--- PROBLEM STATEMENT ---
Your response should be an exact reproduction of the data below, beginning at the line containing "Portrait of a" and ending with the final line.

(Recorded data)
════════════════════

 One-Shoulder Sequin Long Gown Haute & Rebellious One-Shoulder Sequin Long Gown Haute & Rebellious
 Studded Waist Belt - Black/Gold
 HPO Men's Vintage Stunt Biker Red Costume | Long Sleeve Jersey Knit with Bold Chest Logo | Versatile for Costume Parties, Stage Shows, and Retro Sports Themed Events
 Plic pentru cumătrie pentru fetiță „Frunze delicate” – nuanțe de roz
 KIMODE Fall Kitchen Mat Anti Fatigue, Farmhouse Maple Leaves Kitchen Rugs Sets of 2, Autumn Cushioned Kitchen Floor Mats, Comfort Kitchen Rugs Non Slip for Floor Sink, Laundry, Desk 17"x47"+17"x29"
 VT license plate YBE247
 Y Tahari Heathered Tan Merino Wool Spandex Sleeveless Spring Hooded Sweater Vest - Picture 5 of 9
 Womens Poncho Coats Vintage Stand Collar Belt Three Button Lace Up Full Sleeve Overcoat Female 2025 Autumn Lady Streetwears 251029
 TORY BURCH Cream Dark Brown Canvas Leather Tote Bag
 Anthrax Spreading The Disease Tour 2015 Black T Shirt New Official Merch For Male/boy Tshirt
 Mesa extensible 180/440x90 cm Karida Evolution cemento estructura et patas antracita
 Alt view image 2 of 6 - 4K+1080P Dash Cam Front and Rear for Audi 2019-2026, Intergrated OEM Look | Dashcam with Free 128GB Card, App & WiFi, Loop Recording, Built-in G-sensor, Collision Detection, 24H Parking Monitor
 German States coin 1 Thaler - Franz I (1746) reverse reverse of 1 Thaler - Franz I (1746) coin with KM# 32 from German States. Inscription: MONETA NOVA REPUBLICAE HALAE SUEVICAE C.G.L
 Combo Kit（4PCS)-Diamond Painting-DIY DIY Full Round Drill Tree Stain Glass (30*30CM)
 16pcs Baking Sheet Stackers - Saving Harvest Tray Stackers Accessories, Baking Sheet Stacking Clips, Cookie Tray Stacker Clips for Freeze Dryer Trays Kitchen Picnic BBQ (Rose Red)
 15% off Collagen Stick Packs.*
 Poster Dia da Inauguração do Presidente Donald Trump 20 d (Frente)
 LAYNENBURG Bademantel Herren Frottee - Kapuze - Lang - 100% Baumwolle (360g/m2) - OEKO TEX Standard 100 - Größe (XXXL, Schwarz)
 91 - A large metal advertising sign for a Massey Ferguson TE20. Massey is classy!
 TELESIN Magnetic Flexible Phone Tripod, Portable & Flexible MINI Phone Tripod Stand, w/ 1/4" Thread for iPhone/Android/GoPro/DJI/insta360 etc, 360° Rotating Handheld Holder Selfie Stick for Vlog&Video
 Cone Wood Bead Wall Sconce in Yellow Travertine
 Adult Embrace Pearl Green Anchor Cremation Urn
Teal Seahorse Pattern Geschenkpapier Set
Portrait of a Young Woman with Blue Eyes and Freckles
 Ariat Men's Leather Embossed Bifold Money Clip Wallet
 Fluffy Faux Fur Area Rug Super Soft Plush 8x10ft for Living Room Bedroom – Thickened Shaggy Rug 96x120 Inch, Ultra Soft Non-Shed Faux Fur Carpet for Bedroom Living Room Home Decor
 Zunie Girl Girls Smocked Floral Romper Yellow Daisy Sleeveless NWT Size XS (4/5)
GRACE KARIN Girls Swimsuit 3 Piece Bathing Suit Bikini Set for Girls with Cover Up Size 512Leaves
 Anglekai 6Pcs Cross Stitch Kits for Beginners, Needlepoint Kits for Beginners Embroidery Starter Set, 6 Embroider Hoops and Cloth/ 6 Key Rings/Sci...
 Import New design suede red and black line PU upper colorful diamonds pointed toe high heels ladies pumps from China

════════════════════

--- EXERCISE RESULT ---
Portrait of a Young Woman with Blue Eyes and Freckles
 Ariat Men's Leather Embossed Bifold Money Clip Wallet
 Fluffy Faux Fur Area Rug Super Soft Plush 8x10ft for Living Room Bedroom – Thickened Shaggy Rug 96x120 Inch, Ultra Soft Non-Shed Faux Fur Carpet for Bedroom Living Room Home Decor
 Zunie Girl Girls Smocked Floral Romper Yellow Daisy Sleeveless NWT Size XS (4/5)
GRACE KARIN Girls Swimsuit 3 Piece Bathing Suit Bikini Set for Girls with Cover Up Size 512Leaves
 Anglekai 6Pcs Cross Stitch Kits for Beginners, Needlepoint Kits for Beginners Embroidery Starter Set, 6 Embroider Hoops and Cloth/ 6 Key Rings/Sci...
 Import New design suede red and black line PU upper colorful diamonds pointed toe high heels ladies pumps from China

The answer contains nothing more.